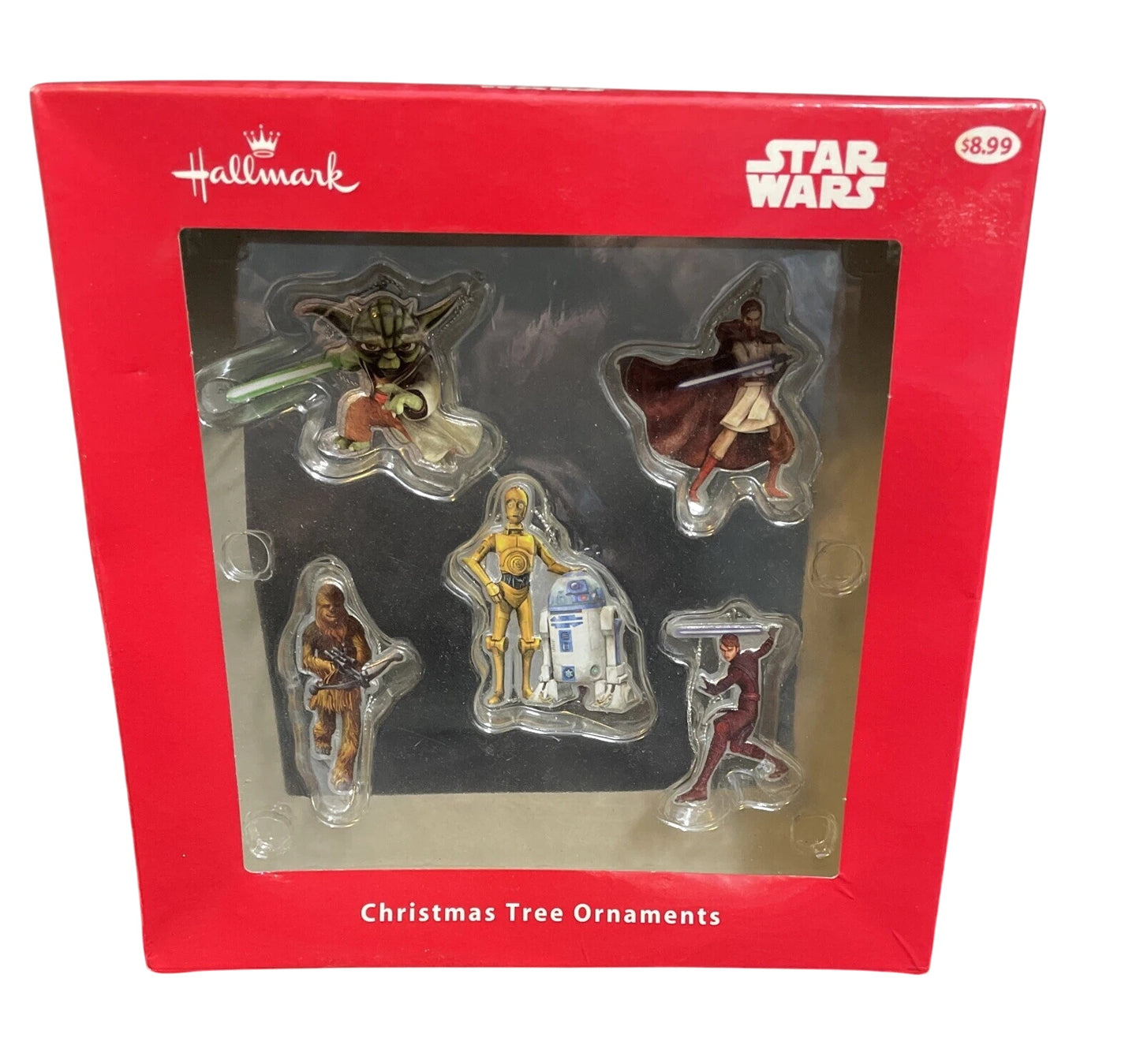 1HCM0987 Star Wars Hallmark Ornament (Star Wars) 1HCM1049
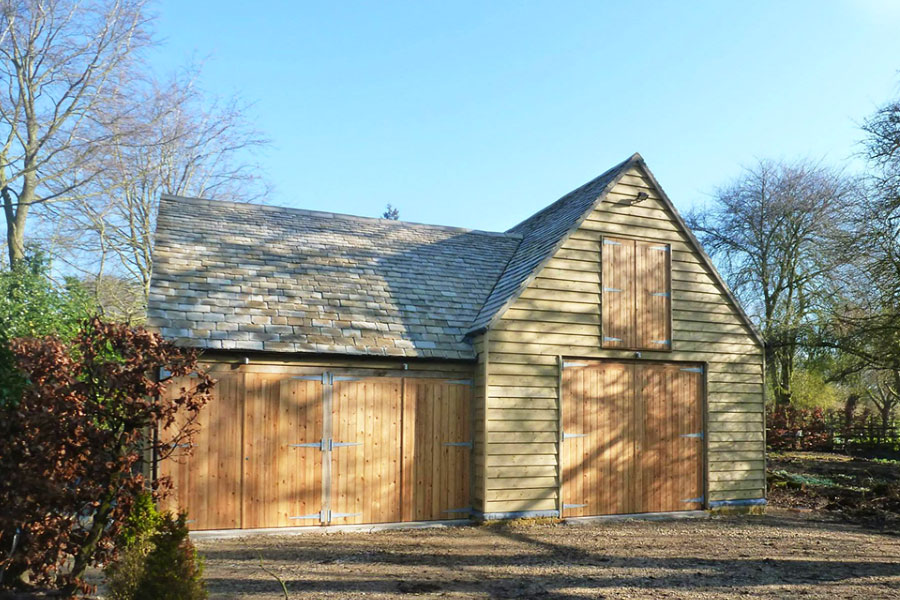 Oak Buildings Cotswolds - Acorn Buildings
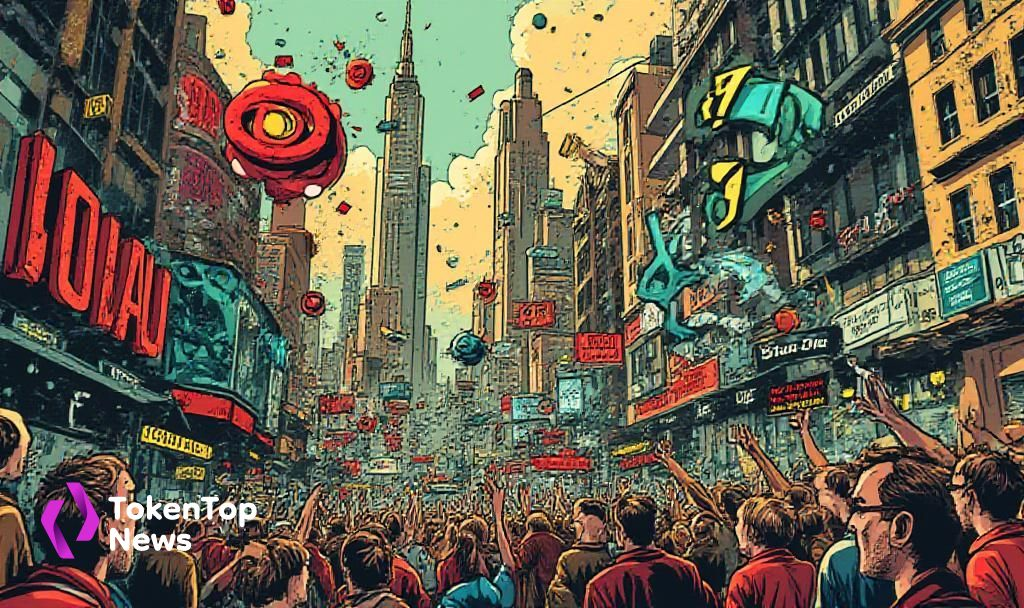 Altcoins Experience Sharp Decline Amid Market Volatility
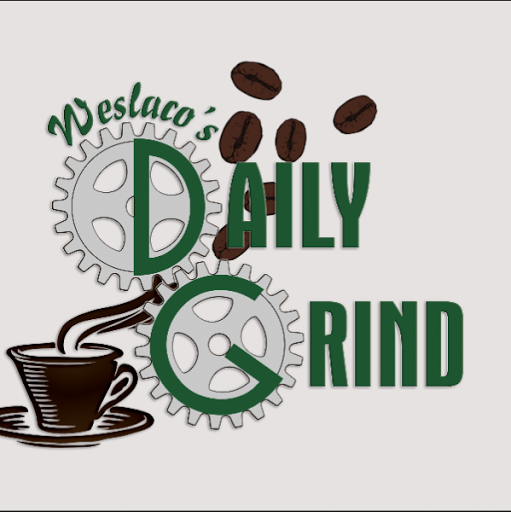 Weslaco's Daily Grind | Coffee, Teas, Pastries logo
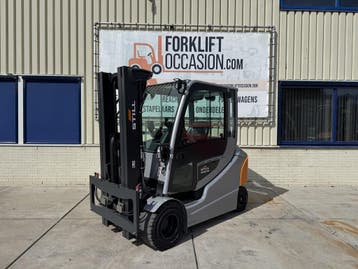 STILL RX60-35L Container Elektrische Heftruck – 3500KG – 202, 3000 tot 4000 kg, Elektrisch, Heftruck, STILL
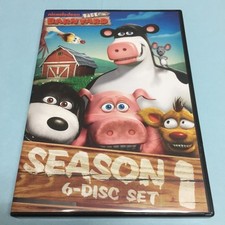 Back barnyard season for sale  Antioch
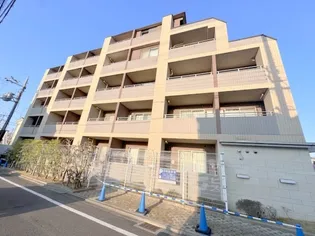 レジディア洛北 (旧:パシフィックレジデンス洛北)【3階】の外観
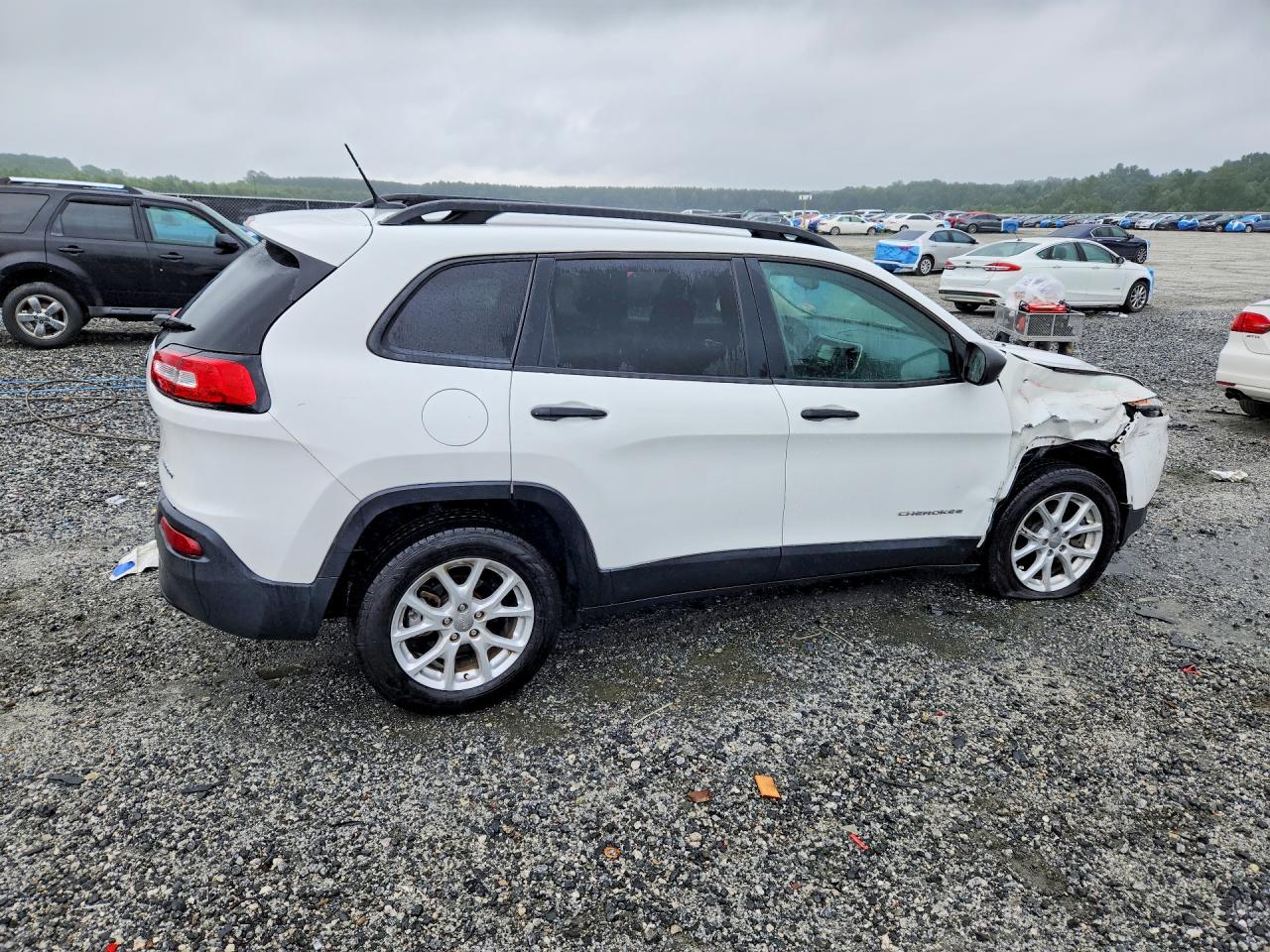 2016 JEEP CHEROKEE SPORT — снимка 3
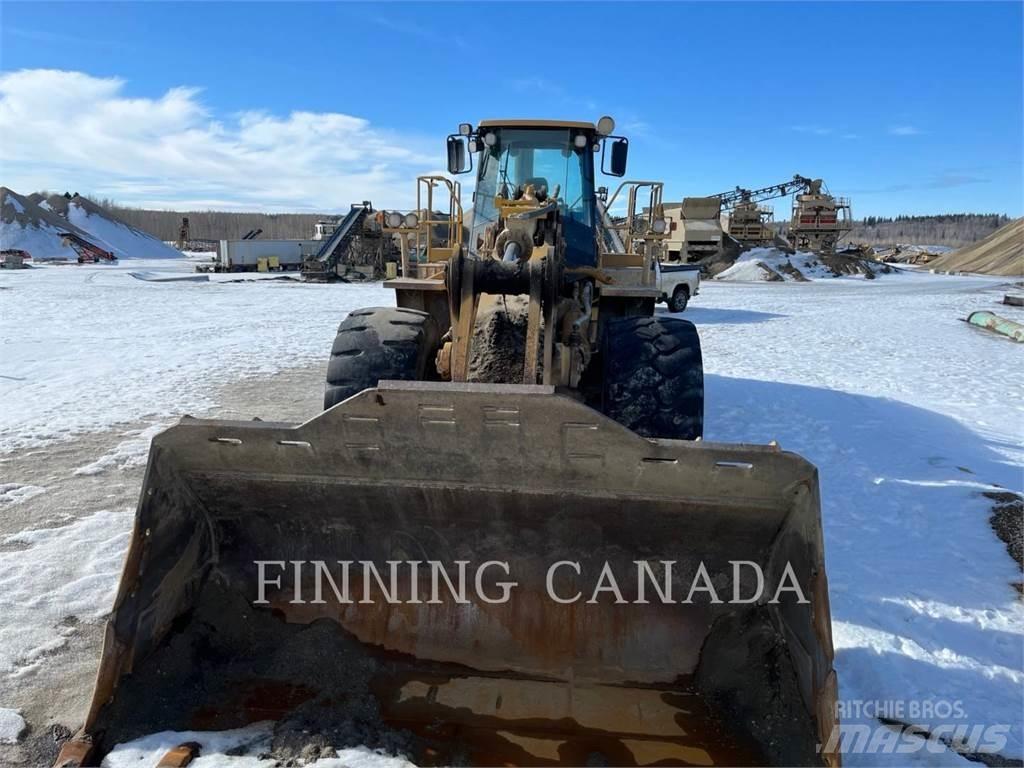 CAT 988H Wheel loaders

━━━━━━

▶ [WORK REQUEST]: Repeat the listing above in full, exactly, and omit its pictures.

▶ [EXERCISE SOLUTION]:
 1HCM0987 Star Wars Hallmark Ornament (Star Wars) 1HCM1049
 Oak Buildings Cotswolds - Acorn Buildings
 Altcoins Experience Sharp Decline Amid Market Volatility
 Weslaco's Daily Grind | Coffee, Teas, Pastries logo
 STILL RX60-35L Container Elektrische Heftruck – 3500KG – 202, 3000 tot 4000 kg, Elektrisch, Heftruck, STILL
 Back barnyard season for sale  Antioch
 レジディア洛北 (旧:パシフィックレジデンス洛北)【3階】の外観
 2016 JEEP CHEROKEE SPORT — снимка 3
 CAT 988H Wheel loaders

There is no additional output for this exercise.